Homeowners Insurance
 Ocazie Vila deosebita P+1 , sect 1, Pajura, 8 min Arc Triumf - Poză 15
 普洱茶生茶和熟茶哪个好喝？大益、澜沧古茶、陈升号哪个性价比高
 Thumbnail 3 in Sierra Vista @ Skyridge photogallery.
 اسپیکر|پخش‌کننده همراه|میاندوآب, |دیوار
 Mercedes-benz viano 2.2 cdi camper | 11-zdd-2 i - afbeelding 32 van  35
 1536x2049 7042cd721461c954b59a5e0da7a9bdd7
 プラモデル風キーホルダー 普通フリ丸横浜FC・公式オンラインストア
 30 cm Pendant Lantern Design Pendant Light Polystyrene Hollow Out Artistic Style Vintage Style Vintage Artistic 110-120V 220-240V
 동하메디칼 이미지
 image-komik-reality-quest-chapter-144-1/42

__ACTIVITY__
Without changing a word, restate the whole listing.

__RESULT__
Homeowners Insurance
 Ocazie Vila deosebita P+1 , sect 1, Pajura, 8 min Arc Triumf - Poză 15
 普洱茶生茶和熟茶哪个好喝？大益、澜沧古茶、陈升号哪个性价比高
 Thumbnail 3 in Sierra Vista @ Skyridge photogallery.
 اسپیکر|پخش‌کننده همراه|میاندوآب, |دیوار
 Mercedes-benz viano 2.2 cdi camper | 11-zdd-2 i - afbeelding 32 van  35
 1536x2049 7042cd721461c954b59a5e0da7a9bdd7
 プラモデル風キーホルダー 普通フリ丸横浜FC・公式オンラインストア
 30 cm Pendant Lantern Design Pendant Light Polystyrene Hollow Out Artistic Style Vintage Style Vintage Artistic 110-120V 220-240V
 동하메디칼 이미지
 image-komik-reality-quest-chapter-144-1/42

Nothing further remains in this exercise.